+++ The records
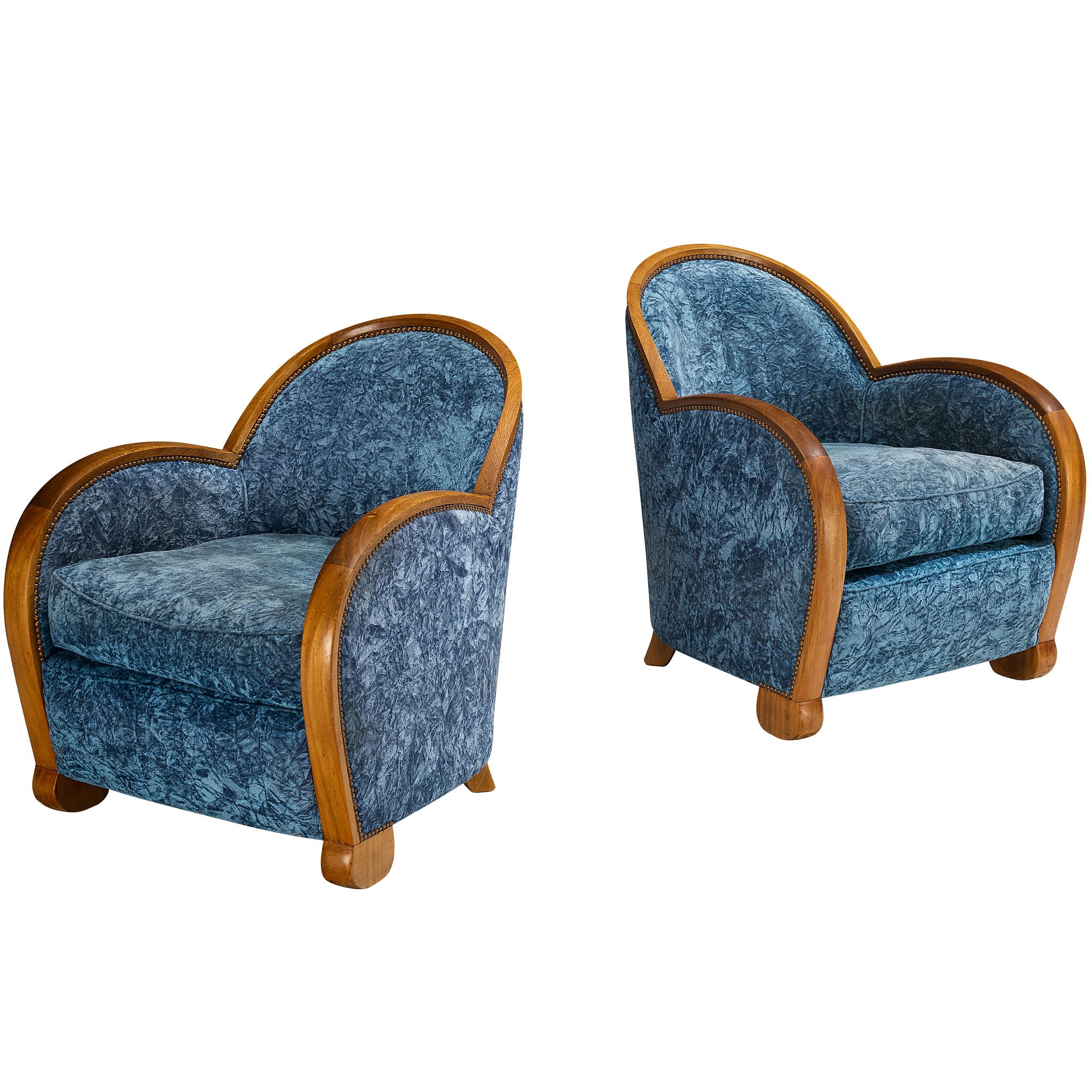 Coppia di sedie da salotto francesi Art Déco in noce e tappezzeria blu in vendita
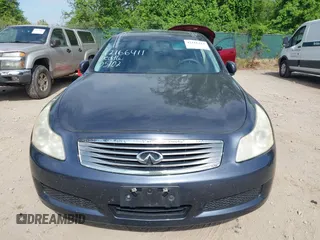 2007 Infiniti G35 Sedan G35x with VIN JNKBV61F87M823504, listed as a IAAI auction lot 42166411 with 182,250 mi miles. Bid and sale history available at carsss.com. Image 6.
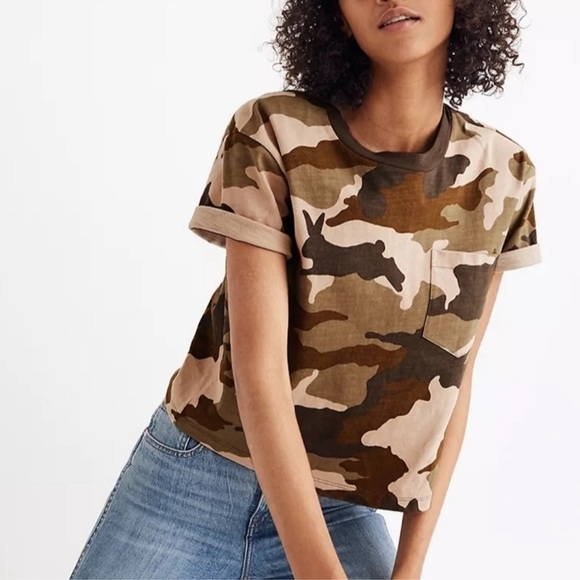 Madewell Green Cottontail Camo Oversized Easy Crop Top T-Shirt Womens Size Small - Picture 1 of 10
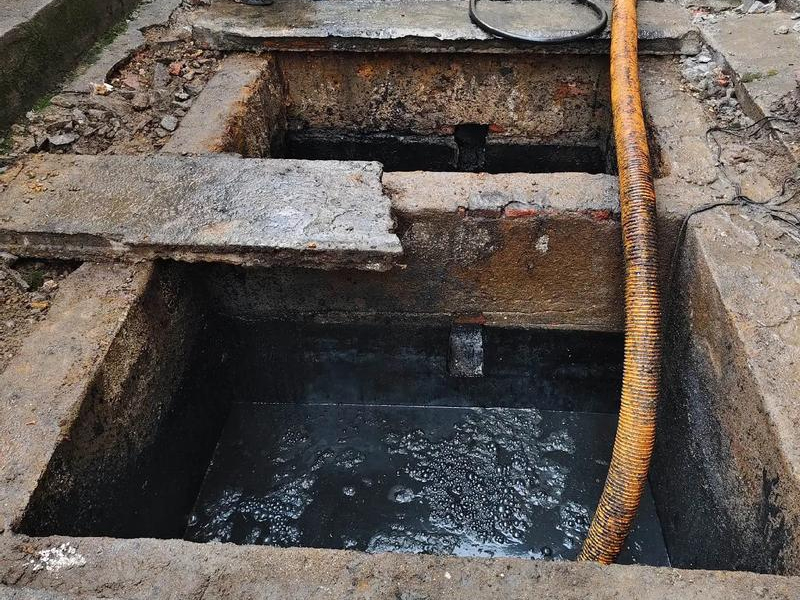 东坝清理化粪池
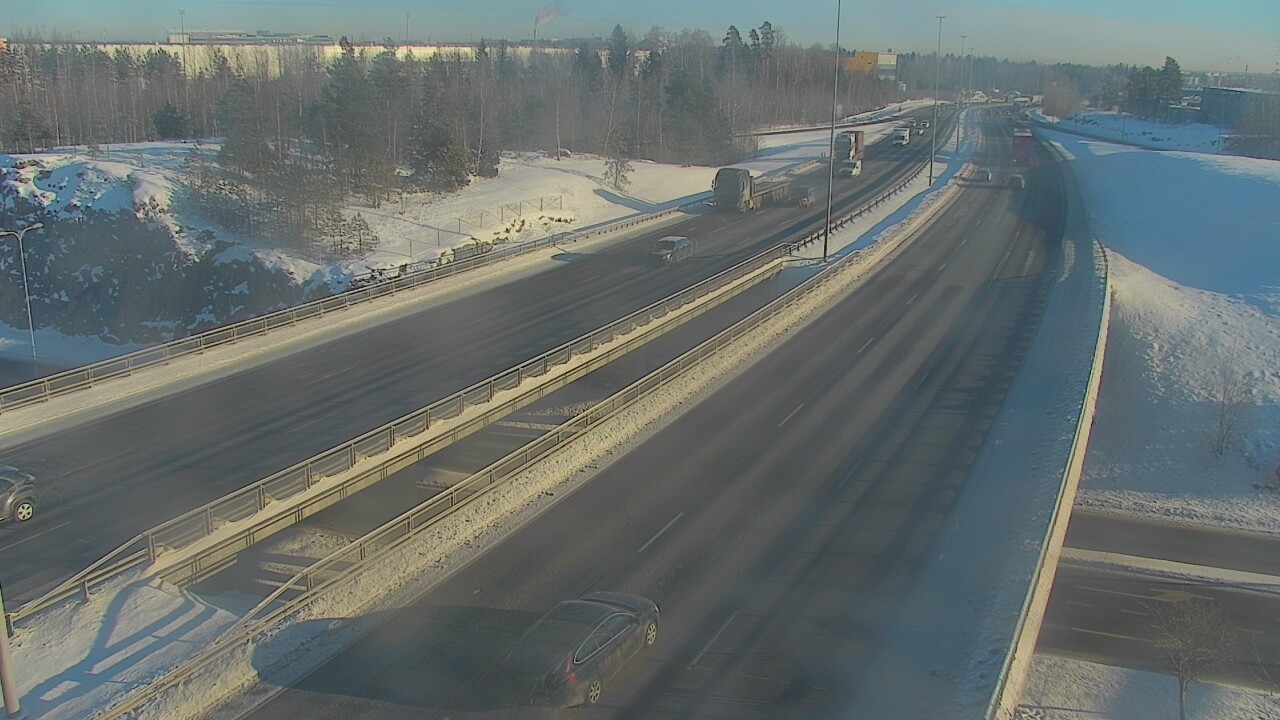 Weather Camera Image Väg 50 Vanda Kalliosola, Vantaa, Uusimaa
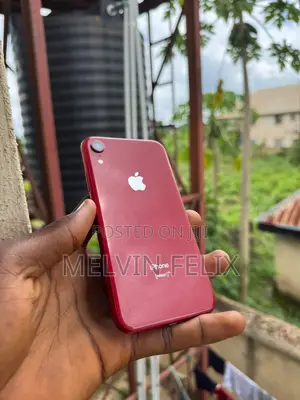 Apple iPhone XR 128 GB Red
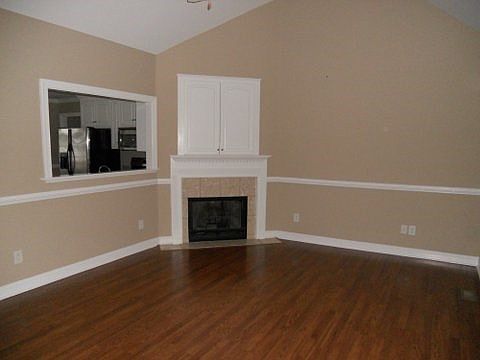 2nd image of 103 Heron Pl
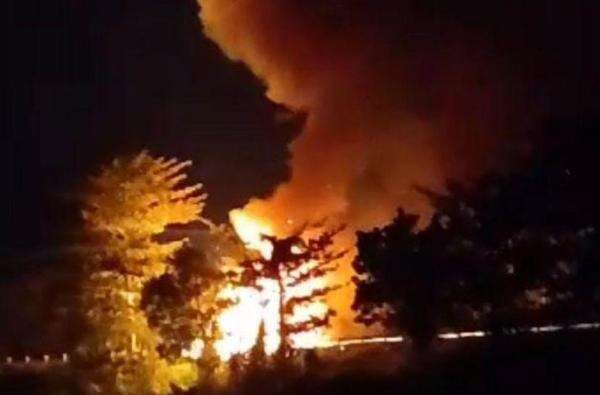 Kronologi Truk TNI AD Terbakar di Tol Gempol, Baru Kembali dari Papua Kronologi Truk TNI AD Terbakar di Tol Gempol, Baru Kembali dari Papua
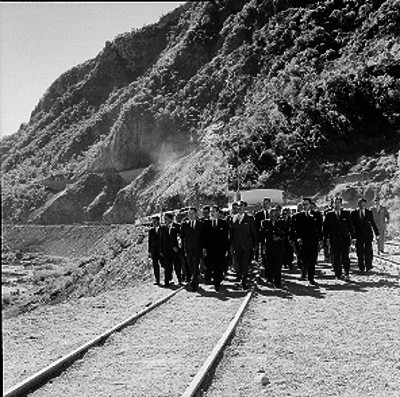 Adolfo López Mateos en vías ferreas de la sierra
++++++
| Aim of the task |
Every line from the start of the material through the line containing "2007 Infiniti G35" is needed exactly as written; the pictures are not.

| Exercise answer |
 Coppia di sedie da salotto francesi Art Déco in noce e tappezzeria blu in vendita
 2007 Infiniti G35 Sedan G35x with VIN JNKBV61F87M823504, listed as a IAAI auction lot 42166411 with 182,250 mi miles. Bid and sale history available at carsss.com. Image 6.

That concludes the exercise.